Гость и сопровождающие лица в это время выходили из авто.

 

В перерыве заседания все высыпали из ветхой каптёрки, которая была по началу строительства библиотекой, а теперь полностью отошла литкружковцам. Дышалось снаружи ещё тяжелее, чем внутри.

— Он сбежать из-под нашей опеки хочет,— курил на жарком воздухе переводчик.

— Вот контра. Ему горячую воду в номер определили, у него личный клозет и жена под боком, а ему простую русскую похлёбку подавай,— курил чекист.

— Сырой табак-то,— курил переводчик.— От ляжки моей потной отсырел или как?

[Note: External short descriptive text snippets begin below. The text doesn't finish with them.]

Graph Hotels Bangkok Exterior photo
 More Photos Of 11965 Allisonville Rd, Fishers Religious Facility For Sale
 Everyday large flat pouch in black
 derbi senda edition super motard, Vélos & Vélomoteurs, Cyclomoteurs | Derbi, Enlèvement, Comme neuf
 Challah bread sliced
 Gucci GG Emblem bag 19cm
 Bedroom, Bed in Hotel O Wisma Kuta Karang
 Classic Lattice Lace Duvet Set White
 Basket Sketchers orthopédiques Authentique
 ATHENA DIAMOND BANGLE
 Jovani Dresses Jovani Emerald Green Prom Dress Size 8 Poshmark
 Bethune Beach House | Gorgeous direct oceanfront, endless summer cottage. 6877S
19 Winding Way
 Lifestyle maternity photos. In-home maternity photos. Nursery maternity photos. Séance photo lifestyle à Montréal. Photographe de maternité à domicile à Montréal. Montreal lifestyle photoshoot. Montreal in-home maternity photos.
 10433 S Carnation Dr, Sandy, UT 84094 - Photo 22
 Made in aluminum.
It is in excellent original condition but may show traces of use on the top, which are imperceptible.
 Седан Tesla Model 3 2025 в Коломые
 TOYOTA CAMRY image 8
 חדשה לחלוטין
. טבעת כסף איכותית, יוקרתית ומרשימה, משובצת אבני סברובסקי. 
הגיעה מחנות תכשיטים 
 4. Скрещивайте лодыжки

— Отпустим его. Пусть наслаждается свободой. Там есть кому за французом понаблюдать,— курил чекист.


Барак

 

Половицы бесхозяйственно скрипели. Француз шёл в двух шагах от Журавелихи, по её следам. Хлипкое электричество моргало. Стены вспыхивали и гасли, гасли и вспыхивали. Скрип досок и непостоянство ламп придавали движению двух фигур очертания заговора. Так и было. Журавелиха — непреложно — решила выклянчить у француза ребёнка. А француз не знал о будущем ущербе и безотвязно следовал за женщиной. Плёлся. Собственная голова казалась ему малознакомой, а коридор — напротив, родным. Журавелиха протянула руку назад и сразу же поймала своей ладонью ладонь Арагона. Стало быть, он тоже искал её в этом движении.

 

Арагон:

В её комнате, по центру, громоздилась труба. Начинались сумерки, и золото музыкального инструмента стихло, но влекло. Я взялся за горловину, подёргал кнопки, заглянул в широченное дуло. Журавелиха стояла напротив, спиной к окну, и ощупывала себя стесняющимися и нервными пальцами. Я слабел, глядя то на женщину, то на инструмент, и уже совсем не помнил, зачем согласился на путешествие по бараку.

Сначала Журавелиха сняла кофту, но не открылась, а заслонила грудь, как двухголовую сироту, рукой. Села на топчан, стала гладить подушку и приговаривать усыпляюще, незнакомо, но — по колеблющейся природе шёпота и дыхания — очевидно: «Ты-ляжь-ляжь-вот-здесь».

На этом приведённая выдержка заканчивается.